‘Wat?’ zei de stompneus en boog het grijze hoofd naar hem over.
‘Is het hier marktdag, oom?’
‘Marktdag? Nee hoor. Zo gaat het hier het hele jaar door. Hou je koeken maar bij je, moeder, ik heb al gegeten.’ En Arren poogde een man van zich af te schudden met een bak vol koperen vaasjes, die aan zijn hielen kleefde en teemde: ‘Koop toch, probeer ze eens, bij zo’n knappe jonge man kan het niet mis gaan, een adem zoet als de rozen van Numima, een onweerstaanbare betovering voor vrouwen; probeer er een, jonge zeemeester, jonge prins…’
Plotseling stond Sperwer tussen de jongen en de venter en zei: ‘Wat voor tover is dat?’
‘Geen tover’, teemde de man en deinsde achteruit. ‘Ik verkoop geen tovers, zeemeester. Alleen maar siroop om de adem te verzoeten na het drinken of de haziawortel — alleen maar siroop, grote prins.’ Hij kromp ineen tot op de stenen van het plaveisel, zijn bak met vaasjes rinkelde en rammelde en een stuk of wat vielen om zodat er uit de tuit een druppel van de kleverige inhoud naar buiten vloeide.
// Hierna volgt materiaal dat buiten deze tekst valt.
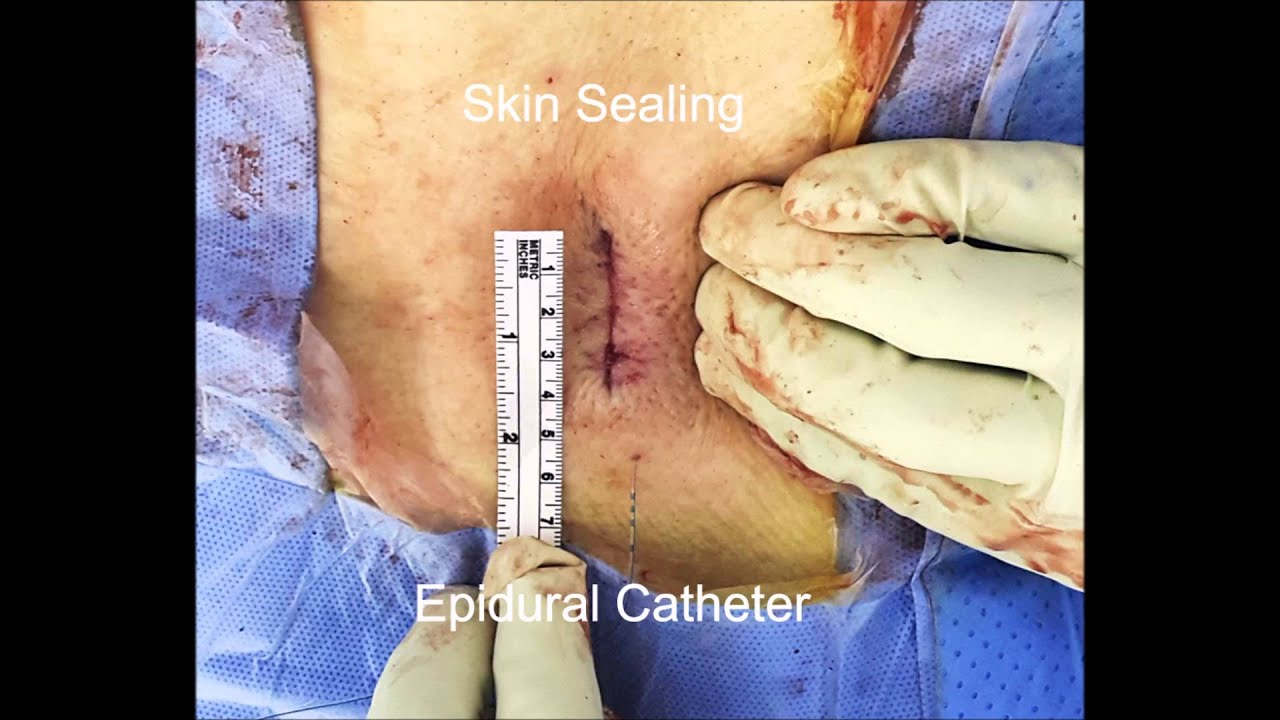 1 Day Lumbar Interbody Fusion Surgery Transforaminal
Sperwer wendde zich zonder te spreken van hem af en liep met Arren verder. Al gauw werd het minder druk en stonden er alleen nog wat wrakkige winkels, armzalige hokjes waar als enige koopwaar een handvol kromme nagels, een gebroken stamper en een oude wolkaarde lagen uitgestald. Deze armoede stond Arren minder tegen; tevoren in het rijke deel van de straat had hij zich beklemd, verstikt gevoeld door de veelheid van waren die er verkocht werden, en van stemmen die hem toeriepen: ‘Koop, koop.’ En hij was geschokt door het verachtelijk gedrag van de venter. Hij dacht aan de koele, statige straten van zijn vaderstad in het noorden. Niemand in Berila, dacht hij, zou zich tegen een vreemde zo kruiperig hebben gedragen. ‘Een verachtelijk volk hier,’ zei hij.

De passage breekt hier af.